:: Task description ::
Among the entries below, only the lines from the one with "To me, this" through the one with "I am Sandy Albright, and" are wanted, reproduced exactly. Pictures are not wanted.

Stored data entries
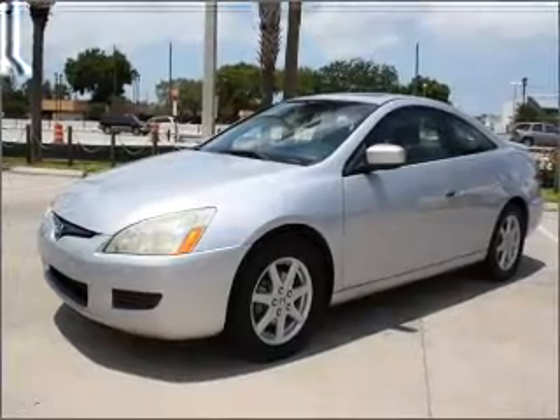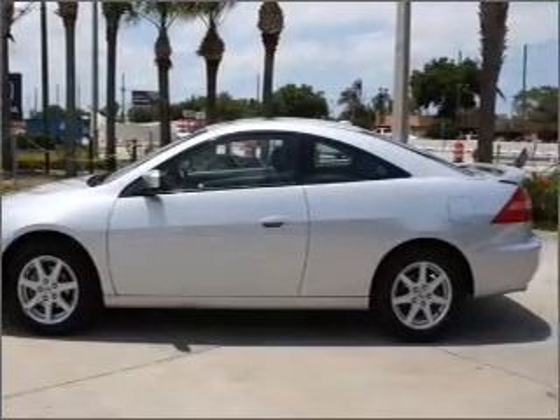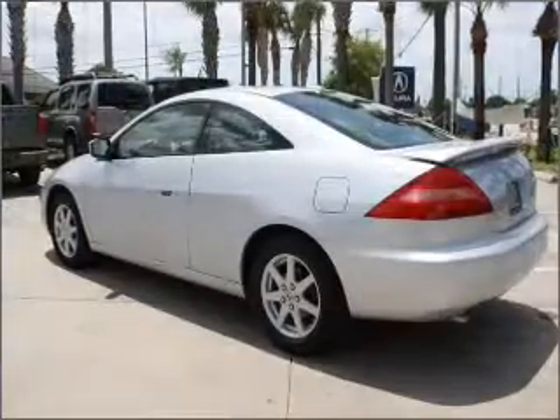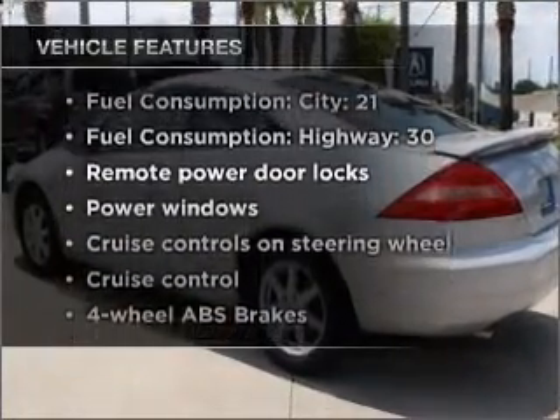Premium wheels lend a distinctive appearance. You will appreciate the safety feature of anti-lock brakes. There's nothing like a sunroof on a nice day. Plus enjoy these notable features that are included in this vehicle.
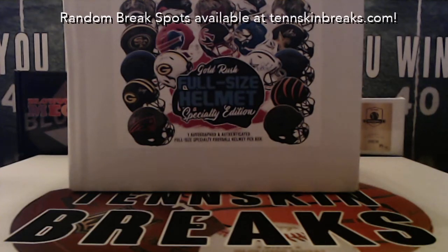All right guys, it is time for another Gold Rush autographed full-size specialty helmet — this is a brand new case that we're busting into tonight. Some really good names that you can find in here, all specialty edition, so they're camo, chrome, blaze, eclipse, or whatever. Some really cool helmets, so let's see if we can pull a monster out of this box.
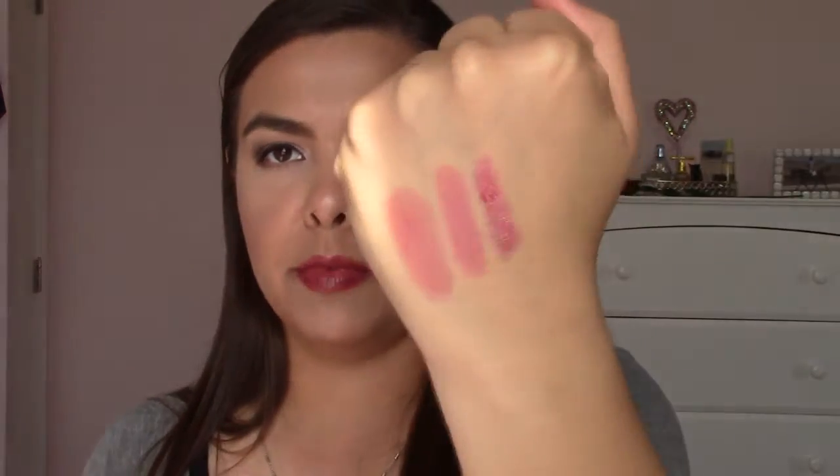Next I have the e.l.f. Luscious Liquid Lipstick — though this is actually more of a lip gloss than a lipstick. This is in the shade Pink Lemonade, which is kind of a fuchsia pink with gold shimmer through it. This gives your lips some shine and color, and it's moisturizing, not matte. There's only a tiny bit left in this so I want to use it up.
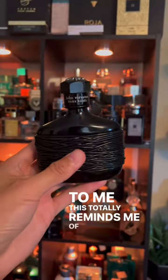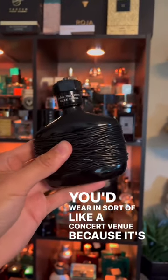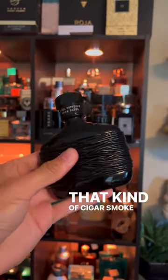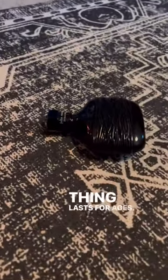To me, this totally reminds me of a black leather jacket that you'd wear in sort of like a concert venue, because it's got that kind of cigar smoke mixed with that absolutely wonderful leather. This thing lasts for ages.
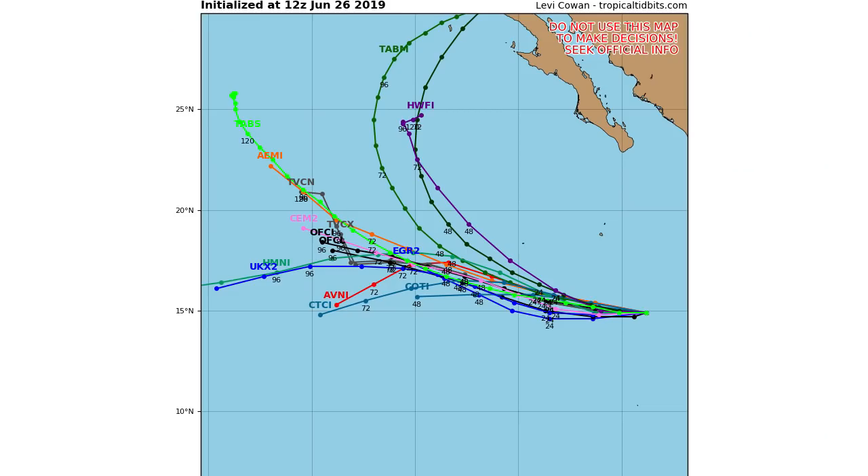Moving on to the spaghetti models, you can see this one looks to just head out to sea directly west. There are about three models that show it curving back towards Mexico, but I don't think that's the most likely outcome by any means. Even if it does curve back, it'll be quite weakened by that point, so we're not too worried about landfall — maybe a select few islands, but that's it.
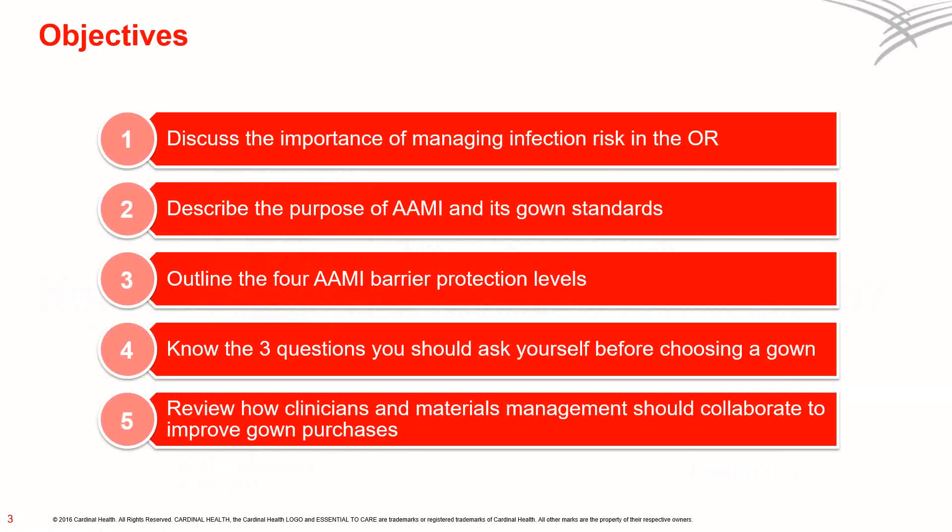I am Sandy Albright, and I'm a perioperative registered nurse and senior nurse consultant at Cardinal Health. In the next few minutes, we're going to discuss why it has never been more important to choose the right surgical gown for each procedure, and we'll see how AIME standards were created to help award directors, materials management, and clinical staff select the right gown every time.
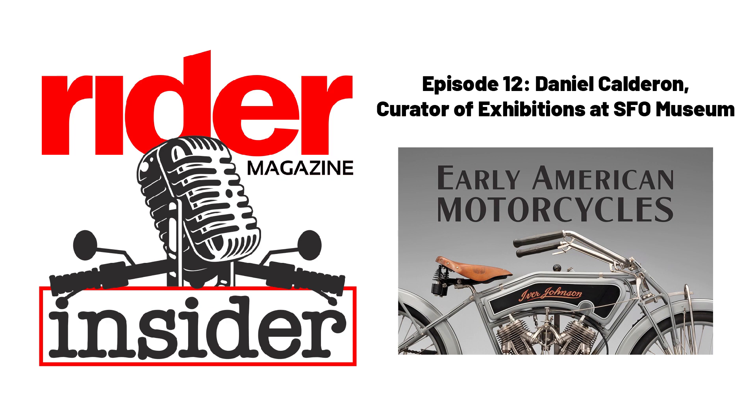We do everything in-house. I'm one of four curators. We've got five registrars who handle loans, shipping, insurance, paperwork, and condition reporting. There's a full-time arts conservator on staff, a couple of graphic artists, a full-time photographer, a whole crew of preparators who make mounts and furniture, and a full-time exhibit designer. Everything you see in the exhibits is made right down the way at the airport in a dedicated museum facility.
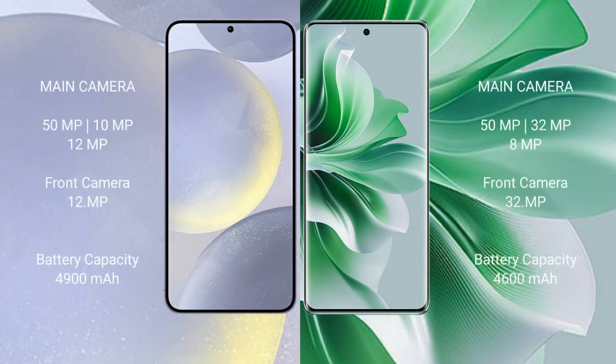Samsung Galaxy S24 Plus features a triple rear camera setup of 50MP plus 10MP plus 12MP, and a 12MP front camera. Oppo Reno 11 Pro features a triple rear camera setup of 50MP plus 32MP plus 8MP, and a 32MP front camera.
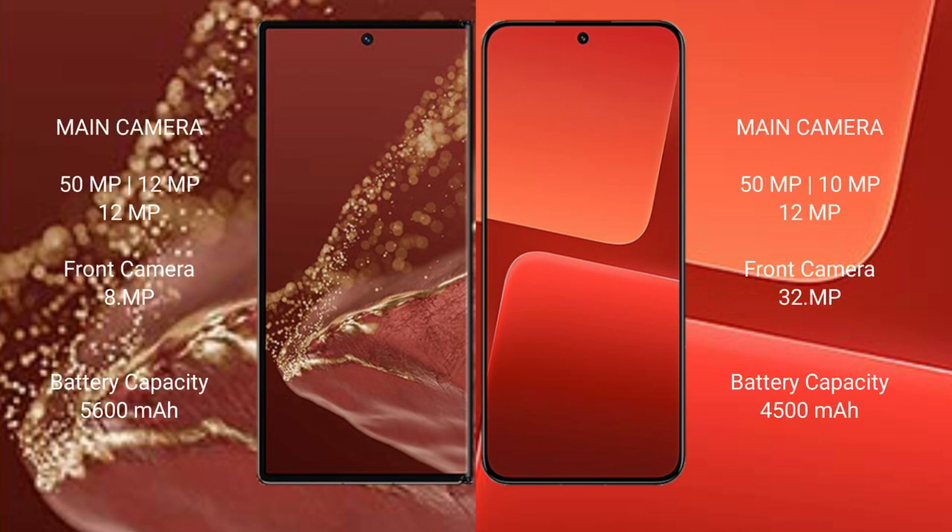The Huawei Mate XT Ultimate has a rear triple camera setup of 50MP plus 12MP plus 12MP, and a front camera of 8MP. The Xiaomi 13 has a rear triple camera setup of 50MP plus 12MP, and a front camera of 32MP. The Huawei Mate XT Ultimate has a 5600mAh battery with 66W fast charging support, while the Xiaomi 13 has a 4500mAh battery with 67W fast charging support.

:: Response to this exercise ::
To me, this totally reminds me of a black leather jacket that you'd wear in sort of like a concert venue, because it's got that kind of cigar smoke mixed with that absolutely wonderful leather. This thing lasts for ages.
Moving on to the spaghetti models, you can see this one looks to just head out to sea directly west. There are about three models that show it curving back towards Mexico, but I don't think that's the most likely outcome by any means. Even if it does curve back, it'll be quite weakened by that point, so we're not too worried about landfall — maybe a select few islands, but that's it.
I am Sandy Albright, and I'm a perioperative registered nurse and senior nurse consultant at Cardinal Health. In the next few minutes, we're going to discuss why it has never been more important to choose the right surgical gown for each procedure, and we'll see how AIME standards were created to help award directors, materials management, and clinical staff select the right gown every time.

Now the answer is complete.